Le retour de l'indépendance de la Lettonie se concrétise durant la période 1986-1991. En 1986, la catastrophe de Tchernobyl permet aux groupes écologistes de gagner en considération en URSS. Les mouvements indépendantistes se servent la contestation écologique pour promouvoir leurs idées car elle permet de détruire un à un les interdits imposés par le régime communiste. En 1987, le groupe Helsinki-86 organise une importante manifestation aux pieds du Monument de la Liberté. Les changements politiques commenceront véritablement en 1988 au niveau national :

  • les déportations sont officiellement reconnues et les déportés sont réhabilités ;
  • le Protocole secret du Pacte Ribbentrop-Molotov est rendu public, cela discrédite la propagande officielle autour de l'annexion de 1940 ;
  • le Soviet suprême de Lettonie (équivalent soviétique du parlement) légalise l’utilisation du drapeau letton (29 septembre 1988);
  • la langue lettone reçoit le statut de langue officielle (6 octobre 1988)
  • le Congrès du Front Populaire de Lettonie invite le Soviet suprême à adopter une déclaration de souveraineté (19 novembre 1988).

Les évènements de 1989 soulignent l'urgence de l'indépendance. Un recensement officiel montre d’abord que les Lettons s'apprêtent à devenir minoritaires dans leur propre pays car ils ne représentent que 52% de la population de Lettonie. Le 28 juillet 1989, le Soviet suprême de Lettonie adopte une déclaration sur la souveraineté de l'État de Lettonie. Ensuite, une commission officielle reconnait l’existence des protocoles secrets du pacte germano-soviétique qui a mené à l'annexion illégale des pays baltes. Le 23 aout, jour du 50e anniversaire du pacte germano-soviétique, 2 millions de Lettons, de Lituaniens et d'Estoniens forment la « Voie balte » : une chaine humaine de 650 kilomètres s'étendant de Tallinn à Vilnius en passant par Riga pour symboliser l'unité des pays baltes dans la lutte pour l'indépendance.
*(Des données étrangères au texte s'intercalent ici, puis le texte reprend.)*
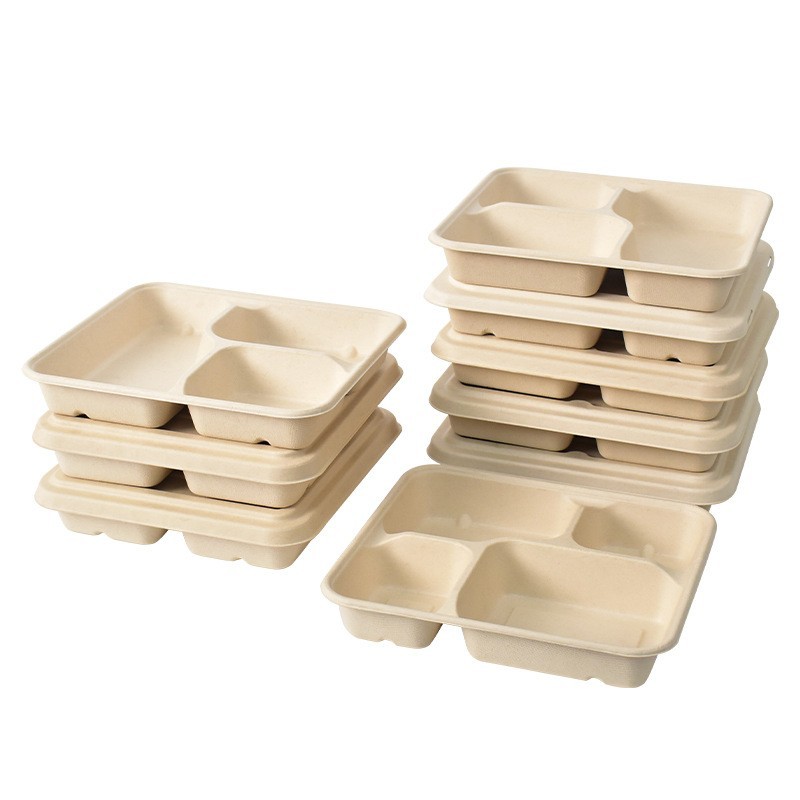 Sugarcane Bagasse Tray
Le 9 novembre 1989, c’est l'effondrement du Mur de Berlin qui annonce la fin de l'URSS. Le Soviet suprême de Lettonie affirme successivement son indépendance vis-à-vis de Moscou tandis que le Congrès des Députés du Peuple d'URSS reconnait le 24 décembre 1989 l’existence des protocoles secrets du Pacte Ribbentrop-Molotov, les condamne et les déclare nuls et non avenus.

Le 4 mai 1990, le Soviet suprême de la République socialiste soviétique de Lettonie adopte la Déclaration restaurant l'indépendance de la Lettonie avec une période de transition d'une durée indéterminée. Elle est cependant déclarée illégale par Mikhaïl Gorbatchev le 14 mai.

En 1991, diverses unités de l'armée soviétique organisent des attaques contre des stations de télévisions en Lituanie et en Lettonie dans l'espoir de susciter une réaction armée légitimant l'intervention de l'armée dans ces pays. Un référendum est organisé en Lettonie le 3 mars 1991 : 73,7% pour l'indépendance et 87,6% de participation. Du 19 au 21 août 1991, des membres de la ligne dure du parti communiste russe organise un coup d'État mais échouent dans leur tentative de supprimer les réformes de Gorbatchev.

Les 20 et 21 aout, les 3 États baltes adoptent chacun une Déclaration de restauration de l'indépendance. Reconnus par les États-Unis, les pays européens et le reste du monde, ils réintègrent la communauté internationale.